Logo depois de sair do colégio, encontrava-o com alguma frequência no Shopping 3 Américas. Nos primeiros anos pós-colégio nos cumprimentávamos, mesmo que a distância. Marcus Vinícius certamente era o professor mais apaixonado pela sua disciplina que conheci. Falava de maneira delirante sobre floemas, xilemas, reprodução das plantas, taxonomia, fungos e bactérias.
Então se passaram longos anos em que ele se manteve neste mundo paralelo dos professores - ou eu estou exagerando, não é tão simples assim encontrar pessoas aleatórias pela rua - até que eu novamente encontrei Marcus Vinícius na Riachuelo do Shopping 3 Américas. Isso foi no fim de 2017. Olhei para ele algumas vezes e ele me olhou com uma cara de não saber se eu era um ex-aluno ou alguém que podia tentar atentar contra sua integridade física. Fiquei depois pensando que deveria ter dado um oi e perguntado se as coisas estavam boas, se ainda dava aulas, falado que eram bons tempos, que ele era um ótimo professor.
Eis que, dia desses, me aparece no Instagram um anúncio do colégio em que eu estudei. O Instagram deve pensar que eu já tenho filhos em idade escolar. Em uma das fotos do anúncio pude reconhecer o professor Marcus Vinícius diante de um quadro branco - os quadro negros (todos eles verdes) já foram abolidos. Fui tomado por aquela reconfortante sensação de que algumas coisas jamais mudam.
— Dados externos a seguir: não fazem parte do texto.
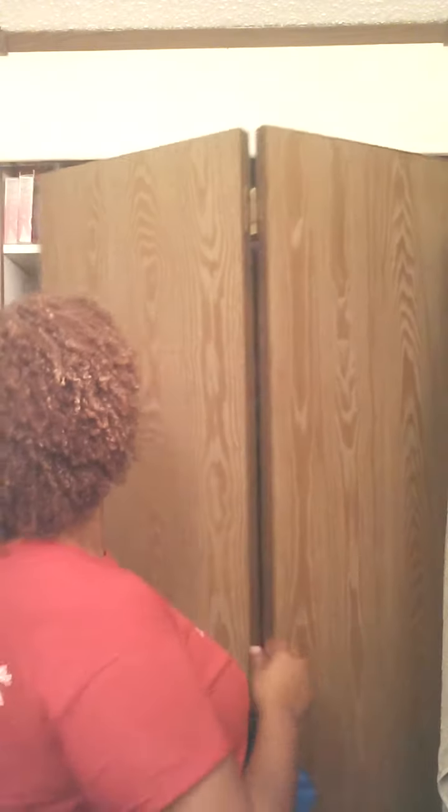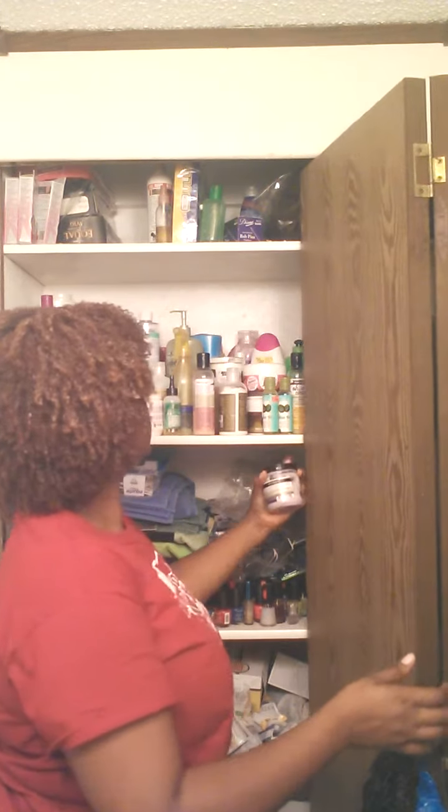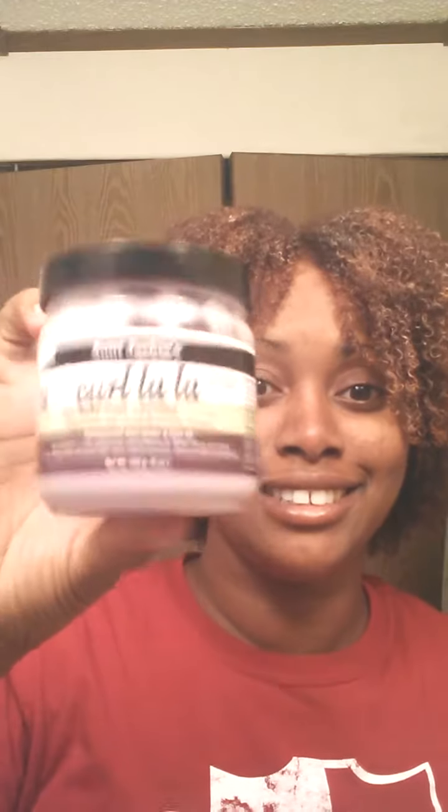Then I used my Aunt Jackie's Curlala after that, and then I used the Shea Moisture Coconut and Hibiscus Curl and Style Milk on top of that.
Pois bem, já estamos então no sábado passado e eu estou conhecendo o novo Shopping Estação Cuiabá. Depois de comer um bife à parmegiana no almoço, me encaminho para as escadas rolantes e quem é que estava vindo da direção contrária, bem na minha frente? Sim, o professor Marcus Vinícius, acompanhado de sua esposa. Novamente não falo nada e volto a pensar que poderia ter dito alguma coisa.
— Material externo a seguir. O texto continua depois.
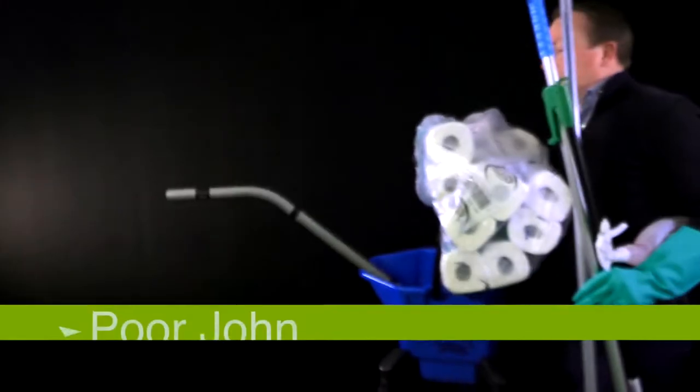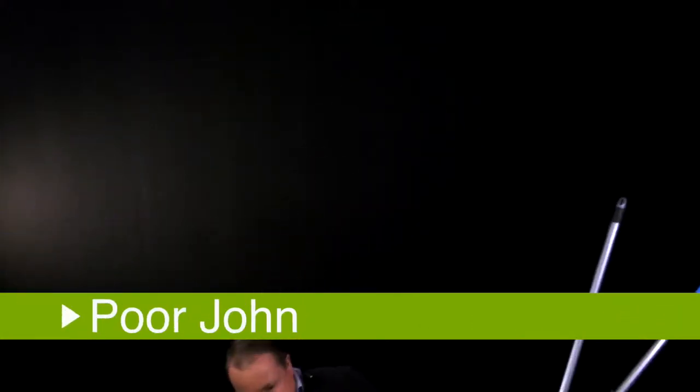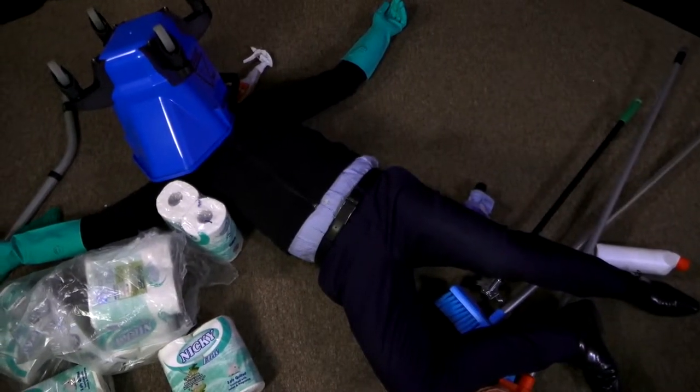Poor John. He's got so many products to take along with him to do his cleaning jobs. If only poor John had a trolley.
No dia seguinte então, estou eu fazendo compras no mercado, escolhendo um pé de alface lisa, quando do meu lado, chega ele, sim, ele o professor Marcus Vinícius para escolher um pé de alface crespa. Só pude reconhecer isso como uma espécie de sinal divino, essa série de aparições de professor Marcus Vinícius ao meu lado, como se ele fosse uma espécie de Fátima e eu fosse um pastorinho de Portugal.
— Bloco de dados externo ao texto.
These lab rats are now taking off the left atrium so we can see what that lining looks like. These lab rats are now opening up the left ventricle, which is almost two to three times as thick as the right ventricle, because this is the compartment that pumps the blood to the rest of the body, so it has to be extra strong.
Aí enfim, me dirijo a ele, me apresento e percebo em seu rosto àquela impressão de “só me resta acreditar que o que você está dizendo é verdade e que você realmente foi meu aluno 15 anos atrás” e nem posso culpá-lo, afinal, mais de cinco mil alunos já estiveram sentados nas cadeiras das salas por onde Marcus Vinícius explicou a Reficofage, mais de cinco mil alunos que podem ter sido bagunceiros, promissores, projetos de anticristo já aprenderam e esqueceram quem é que sobe e quem é que desce, se é o xilema ou o floema e para muito deles a paródia do clássico Bom Xibom de As Meninas não faz o menor sentido, afinal, alguns dos alunos que copiam em seus cadernos, ou em seus tablets, a função das mitocôndrias, dos ribossomos, do retículo endoplasmático e todas as outras estruturas celulares já nasceram depois de eu ter saído do colégio. Digo que ele era um ótimo professor, ele agradece e pergunta o que estou fazendo, respondo, ele diz que ainda está no mesmo colégio e fala para qualquer dia eu fazer uma visita. Fala que tudo bem e assim termina a história.
Ou não, talvez ela nunca termine porque há ainda muitos espaços públicos nessa cidade.